The Leopard, by Giuseppe di Lampedusa

Jun 4, 2014 | 0 comments

Many people who see this post will have read The Leopard – I read it for the first time in 1982 and have gone back to it several times in the past 30+ years.  For me it is one of the few novels that is truly unforgettable.

Set in Sicily in 1860 during the Risorgimento, it was rejected twice and was only published a year after the author’s death in 1957.  The protagonist is Prince Fabrizio Salina, an old-school Sicilian aristocrat.

Garibaldi and his volunteer army have landed in Sicily to start a revolution in the south, to widen the movement for Italian unification, and to march on Rome. The Leopard relates the struggle of the Sicilian aristocracy to survive in the face of societal change.  As Fabrizio says:  “Change everything just a little so as to keep everything exactly the same.”

Although this is not a plot-driven novel I don’t intend to give away the plot, as a courtesy to those who have not yet read it.  I would like to be able read it (Il Gattopardo) in its original Italian;  there have been minor criticisms of Archibald Colquhoun’s English translation but I am not in a position to find fault with it, and I find his choice of  language superb.

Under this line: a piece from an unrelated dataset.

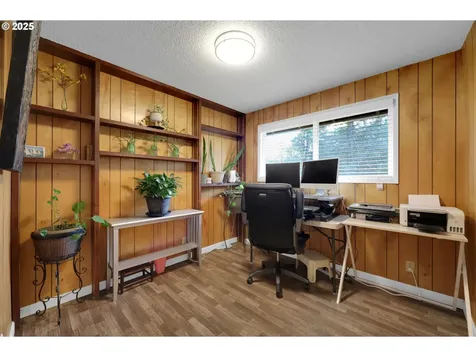 4574 Manzanita Street Eugene OR 97405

I want to repeat a particularly well chosen paragraph originally selected by Richard Horton in his 1997 review of The Leopard.  It deals with the courtship of Fabrizio’s nephew Tancredi and his lovely Angelica.  Observe its elegance and depth.

“Those were the best days in the life of Tancredi and Angelica, lives later to be so variegated, so erring, against the inevitable background of sorrows. But that they did not know then; and they were pursuing a future which they deemed more concrete than it turned out to be, made of nothing but smoke and wind. When they were old and uselessly wise their thoughts would go back to those days with insistent regret, they had been days when desire was always present because it was always overcome, when many beds had been offered and refused, when the sensual urge, because restrained, had for one second been sublimated in renunciation, that is into real love. Those days were the preparation for a marriage which, even erotically, was no success; a preparation which, however, was in a way sufficient to itself, exquisite and brief, like those melodies which outlive the forgotten works they belong to and hint in their delicate and veiled gaiety at themes which later in the finished work were to be developed without skill, and fail.”

David Mitchell (author of Cloud Atlas) noted in 2006:  “What makes The Leopard an immortal book is that it kisses perfection full on the mouth.  Its major theme – the workings of mortality – is explored with an intelligence and poignancy rarely equalled and never, to my knowledge, surpassed.”